User data is highly valuable for smart buildings to create the best user experience possible and to help achieve ESG goals. The possibilities are endless and their only limit is related to privacy settings. Recently, Property Forum was invited to visit Drees & Sommer’s new net energy-plus HQ building in Stuttgart and to learn about the latest trends in building technology and sustainable development.
The new HQ, referred to as OWP12 after its address, is located in the outskirts of Stuttgart and it’s the only newly constructed building within a campus of older buildings. With this project, Drees & Sommer wanted to create an energy plus building that also served as an incubator project for innovative technologies.
Stepping into the building, visitors might not realise how technologically advanced it is as the interior is rather modest – in a German way. However, during the day journalists spent there, the company’s various experts explained all the green and digital solutions in detail.
A power plant next to the highway
Thanks to the addition of solar panels on the façade and the rooftop, the building functions as a “power plant”, generating more energy than it consumes – at a highly competitive price. As Johannes Hopf (Manager, Building Performance – Engineering) revealed, the cost of the energy produced by OWP12 is €0.08 per kWh compared to the current market price of €0.35-0.40.
An additional key project objective was achieving high acoustic comfort. As the building is located next to a busy highway, sound insulation was of critical importance. Noise reduction levels of up to 48 dB were achieved thanks to the high-quality façade which is remarkably thin – only 9 cm wide instead of the traditional 30-40 cm.
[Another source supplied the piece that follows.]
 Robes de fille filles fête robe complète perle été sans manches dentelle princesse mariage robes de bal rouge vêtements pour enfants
Although installing such a slim façade significantly increased the construction costs, according to Pascal Keppler (Leading Environmental Specialist, EPEA), the gain on rentable area compensates for the additional investment. (Or in this case, would compensate for it if OWP12 was built for rent.)
In addition to the photovoltaic panels, one part of the façade includes a green wall which helps economically manage rainwater. Maintaining the green part of the façade thus doesn't require the use of drinking water.
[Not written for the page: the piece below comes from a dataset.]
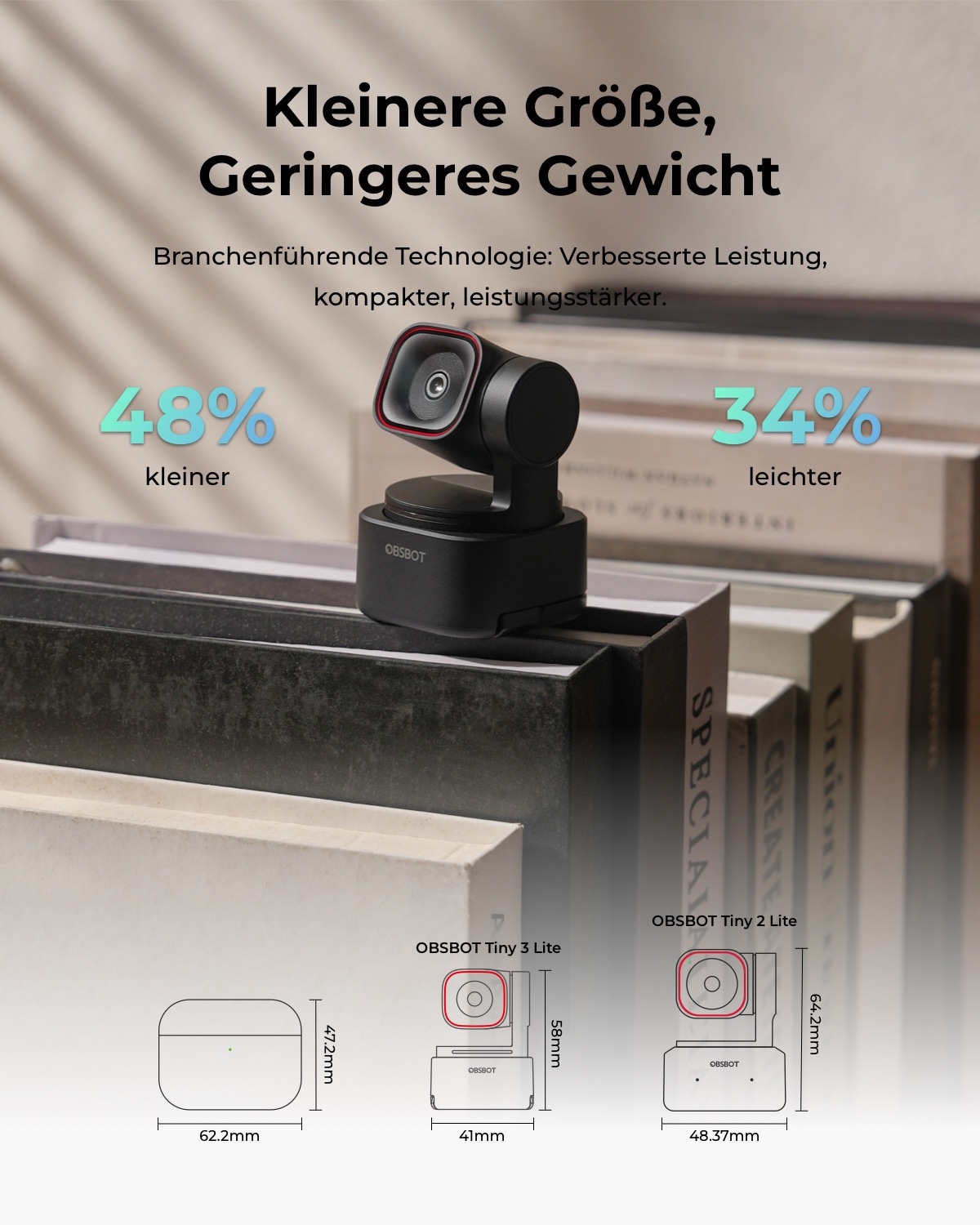 OBSBOT Webcam »TINY 3 Lite« 4K Ultra HD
As Pascal Keppler highlighted, the real estate and construction sector is responsible for one-third of global carbon emissions and up to 50% of carbon emissions are emitted during the construction phase. To tackle this issue of embedded carbon, OWP12 was designed with the circular economy in mind, in line with the Cradle to Cradle design concept, developed by EPEA (now a part of Dress & Sommer).
Modular construction guarantees that at the end of its life cycle, the building can be deconstructed into elements that can be reused. All construction materials and interior design elements were sourced using the freely available Building Material Scout which stores valuable data on the sustainability of different products.
Steffen Szeidl (CEO) shared some additional information about the design process, for example how he found it generally easier to work on an external project than an internal one, especially when it comes to a company full of engineers.
The construction of the 7,500 sqm HQ building began in Q4 2019 and concluded 24 months later, at the end of 2021, ahead of schedule, despite the Covid pandemic. Modular construction played a key role in reducing the time required to complete the project.
He also revealed that the construction of more buildings and the complete renovation of existing ones are also among the plans of the company. A long-term objective of the campus greenification project is taking the street currently running between the building underground and creating a park in its place.
This should result in some improvements in the only category the building would not score high in during an ESG evaluation – its accessibility by green modes of transport. As Stuttgart is the capital of the European automotive industry and Drees & Sommer had to build within its existing campus located next to a highway, it’s no surprise that OWP12’s public transport connections are not excellent (although slowly improving).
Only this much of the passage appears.